I allowed myself a smile for the first time in days and brushed my arm across my floury brow. The knot of stress in my stomach unravelled with each sip of wine and the anxiety turned into relief and then excitement. It was as if I had come through the pain of giving birth and was now enjoying the rapture of the other side. Admittedly I hadn’t a clue how I was going to decorate the cakes yet but whether it was just different coloured buttercream or fondant Christmas shapes, I was positive they would be good enough for an office Christmas party in Newcastle. I had just under twenty-four hours to do the icing, which was plenty of time once I had settled on my theme, so I was going to enjoy this moment.
I was pouring a second glass of wine and listening to the soothing sound of Chris Martin’s voice singing Fix You when my mobile rang. I tracked it down stuck to one of the work surfaces with congealed strawberry jam.
‘Chloe, it’s Zachary here, Zachary Doyle.’
‘I guessed the Doyle part. Hi, Zachary, how are you?’
The sound of his laughter warmed me inside. I wandered to the window seat and sat down, pulling my knees up to my chin.

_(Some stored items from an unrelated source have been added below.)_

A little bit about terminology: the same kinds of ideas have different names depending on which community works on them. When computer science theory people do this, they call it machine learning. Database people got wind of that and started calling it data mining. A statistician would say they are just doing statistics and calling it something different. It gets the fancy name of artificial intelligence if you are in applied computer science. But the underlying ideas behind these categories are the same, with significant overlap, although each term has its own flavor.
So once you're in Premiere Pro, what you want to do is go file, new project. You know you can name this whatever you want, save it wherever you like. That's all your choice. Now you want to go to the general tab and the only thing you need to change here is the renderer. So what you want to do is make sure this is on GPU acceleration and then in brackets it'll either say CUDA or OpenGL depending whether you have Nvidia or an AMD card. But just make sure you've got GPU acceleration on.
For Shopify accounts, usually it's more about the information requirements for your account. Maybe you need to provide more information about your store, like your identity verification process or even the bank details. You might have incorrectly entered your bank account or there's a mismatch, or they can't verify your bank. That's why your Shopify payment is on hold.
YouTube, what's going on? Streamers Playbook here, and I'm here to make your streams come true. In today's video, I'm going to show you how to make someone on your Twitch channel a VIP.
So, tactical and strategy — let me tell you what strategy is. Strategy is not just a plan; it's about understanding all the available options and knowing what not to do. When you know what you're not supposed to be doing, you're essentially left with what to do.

‘I’m grand, Chloe, thank you and you?’
‘Great. It sounds noisy there, where are you?’
He groaned as if he was lifting a heavy object.

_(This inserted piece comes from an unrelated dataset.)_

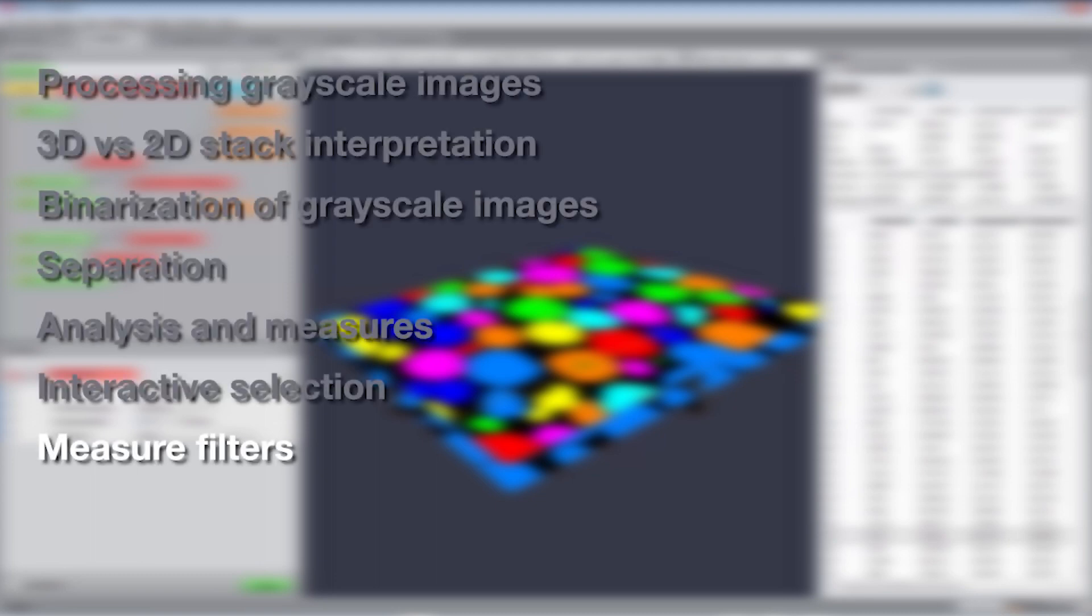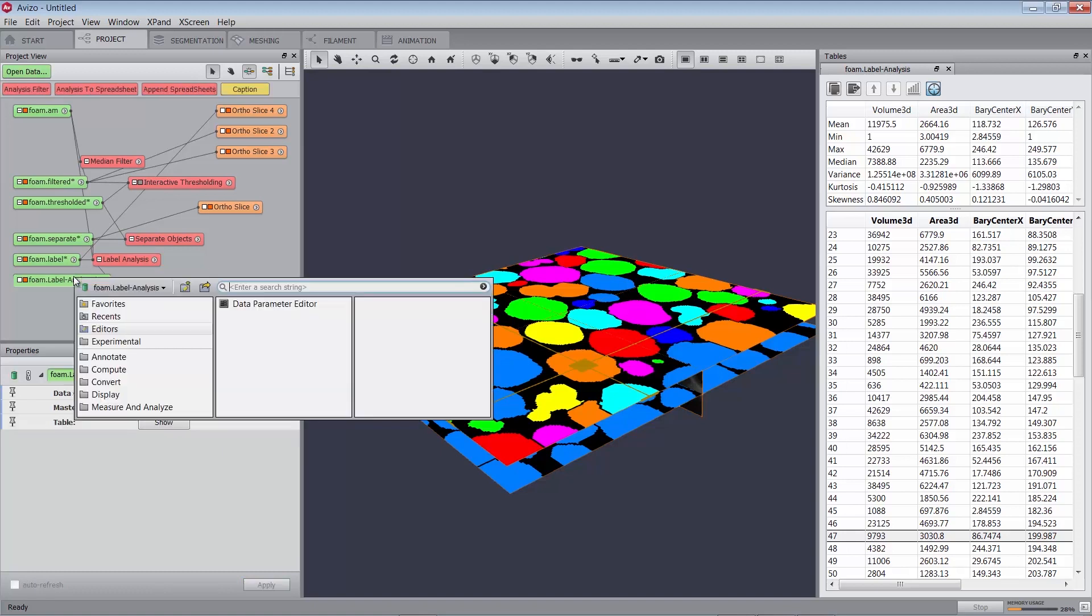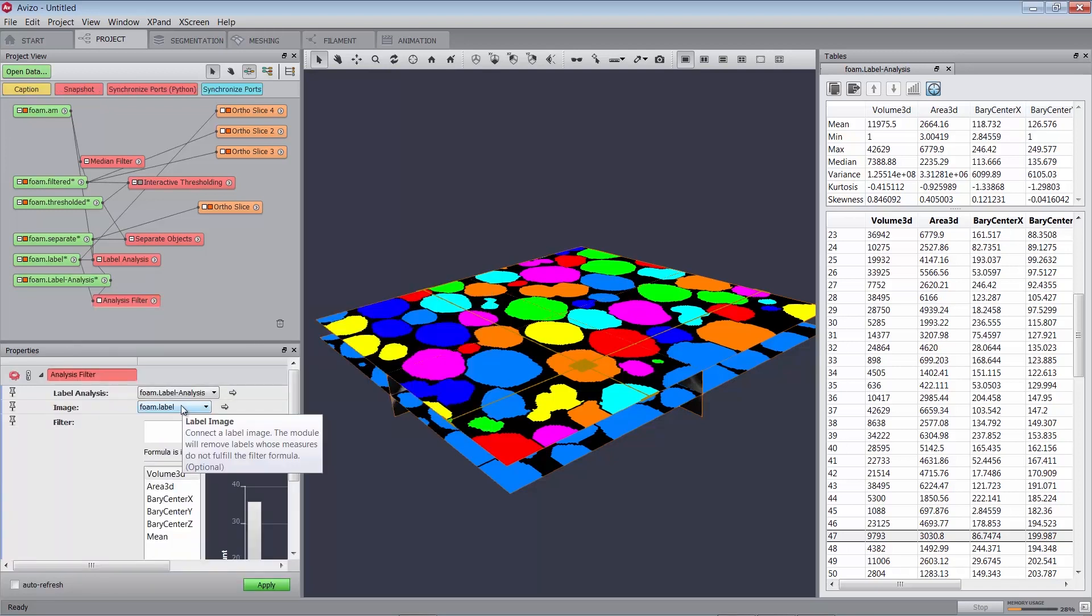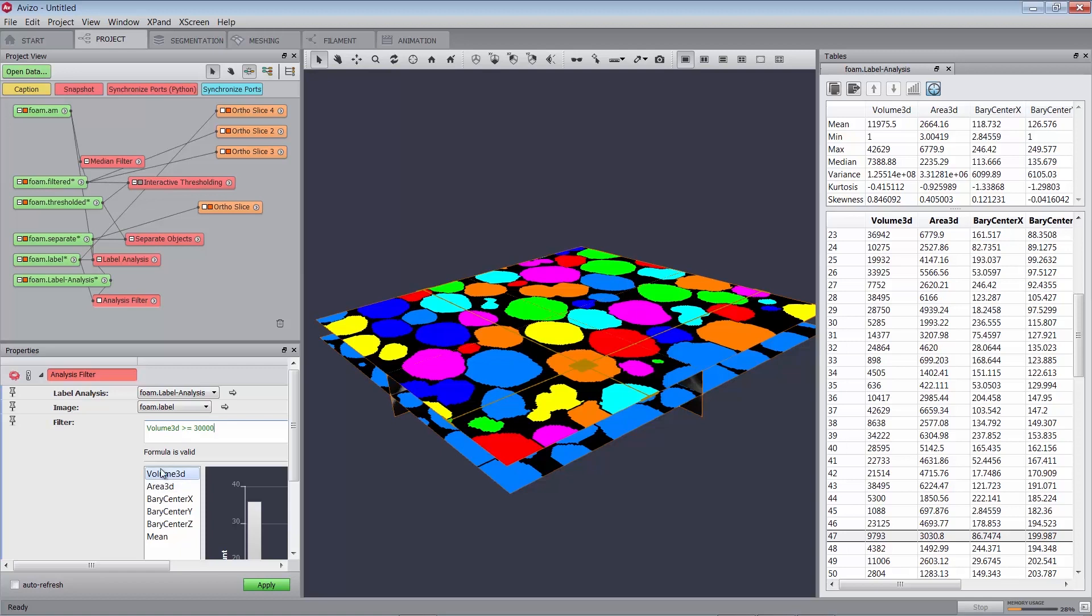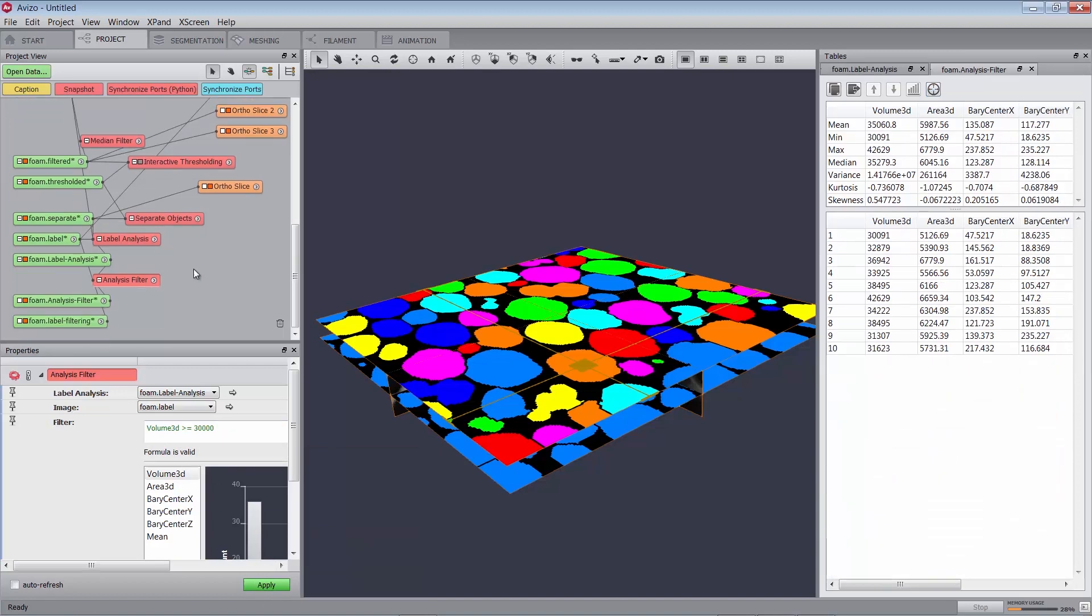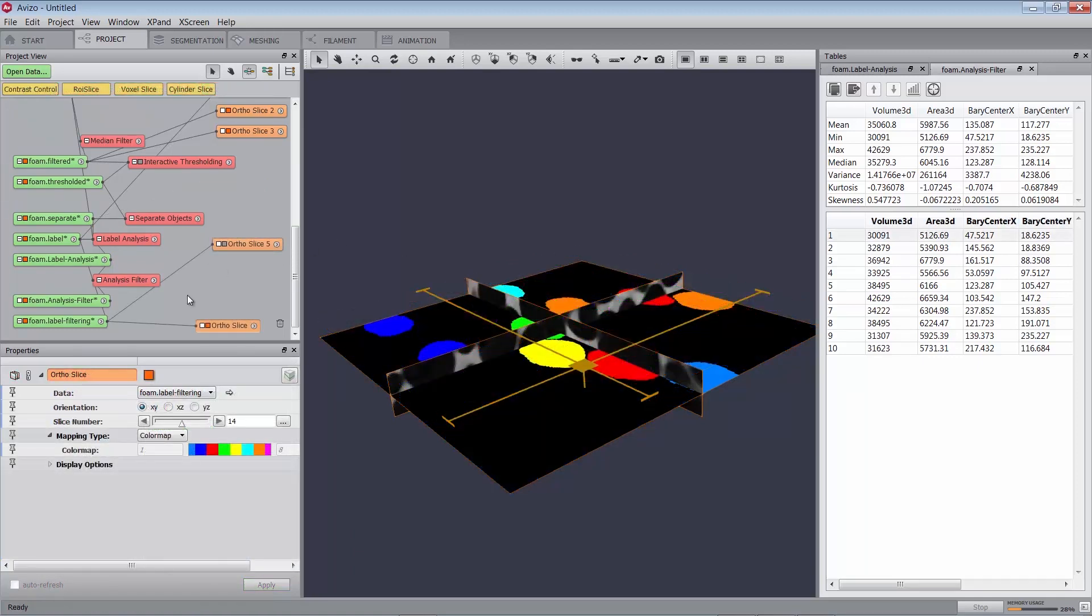Filtering based on measures. You can filter particles displayed in your 3D viewer. For example, you can decide to visualize only particles which volume 3D belongs to a specified range. Attach an analysis filter to foam.labels-analysis. Connect the image port to foam.label. Create a new filter by entering volume 3D greater than or equal to 30,000 in the filter port. To insert volume 3D in the formula, you can type it or double click on it in the list displayed below the formula field. Press on the apply button. This creates a new analysis with fewer objects. You can verify that fewer objects have been created by connecting the ortho slice to a new label image foam.label-filtering.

‘Oh I’m sorry I haven’t been in touch but honestly this event has swamped my time I have to say and despite our best endeavours, it’s still a bit chaotic here. We’re just putting the final touches to the party room.’
‘Blowing up balloons, decorating the tree?’ I laughed.
He paused.
‘Yes, something like that. In fact the tree nearly didn’t make it over from Norway, something about it being too big for the ship but Hurley got on the blower and sorted out that drama thank God.’
Too big for the boat? Were they bringing it from Norway in a dinghy?